SARATOGA SPRINGS -- A $20 million pipeline will secure a badly-needed culinary water source for northwest Utah County and has Fortune 500 companies eyeing property for a new place to grow.
City and county officials alluded to a future economic boom at a Wednesday groundbreaking ceremony for the Saratoga Springs Pipeline Project funded by the Utah Water Conservancy District, but when pressed, would laugh and sashay around who or what companies were arriving.
"I'd have to kill you if I told you," joked Utah County Commissioner Gary Anderson. "We've got everything from solar powered manufacturers to movie studios to heavy manufacturing that are all looking at this area and they are big companies that you would know. They are Fortune 500 companies and they are looking out here. The only thing that is stopping them is water."

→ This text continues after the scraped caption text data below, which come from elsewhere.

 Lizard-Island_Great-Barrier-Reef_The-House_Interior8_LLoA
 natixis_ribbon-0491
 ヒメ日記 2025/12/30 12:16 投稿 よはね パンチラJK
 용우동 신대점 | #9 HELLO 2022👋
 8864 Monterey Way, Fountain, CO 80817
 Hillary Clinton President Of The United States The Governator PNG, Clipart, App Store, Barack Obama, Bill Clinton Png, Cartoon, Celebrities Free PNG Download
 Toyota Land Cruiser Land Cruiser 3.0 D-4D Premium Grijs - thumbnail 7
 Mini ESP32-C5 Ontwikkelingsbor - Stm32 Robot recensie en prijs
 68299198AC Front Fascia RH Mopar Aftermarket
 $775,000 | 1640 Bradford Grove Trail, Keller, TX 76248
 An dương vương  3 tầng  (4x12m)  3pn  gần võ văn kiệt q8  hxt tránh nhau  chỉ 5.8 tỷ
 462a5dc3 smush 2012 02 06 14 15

That's about to change with the new $325 million Central Utah Water Conservancy District Water Development Project or "CWP" that began construction mid-March. The project has been in the development stage for the last six years.
The west segment of the project, called the Saratoga Springs Pipeline, will be completed in 2012. The 60-inch diameter pipeline will run parallel west of Redwood Road from 2100 North in Lehi and travel to Pony Express Boulevard in Saratoga Springs where a pump station will send water toward Cedar Valley.
A large reservoir, the North Shore Terminal Reservoir in Saratoga Springs, is also part of the Saratoga Pipeline project.
"This is an important pipeline project that will help serve the future water needs of Saratoga Springs, Eagle Mountain, the Jordan Valley Water Conservancy District and Lehi City," said David Pitcher, chief engineer for the Central Utah Water Conservancy District.
The entire CWP, bringing water into other areas, will be completed in July 2014, enabling the district to begin delivering its water. The CWP North Shore Aqueduct, including the Saratoga Pipeline, will provide approximately 53,000 acre-feet of drinking water to communities located in northern Utah and southern Salt Lake counties.
CUWCD purchased groundwater rights from Geneva Steel and funded the district project which will be entirely paid back to the district with user fees.
Saratoga Springs has begun installing infrastructure for what its leaders are calling their town center, and developers have already been in contact with businesses to anchor the planned development, according to Saratoga Springs Mayor Pro Tempore Bud Poduska. Again, the names of those businesses were withheld.
"We are not at liberty to say yet," Poduska said and chuckled. "Give us a year for the design and to have the dirt moved and we will know by then."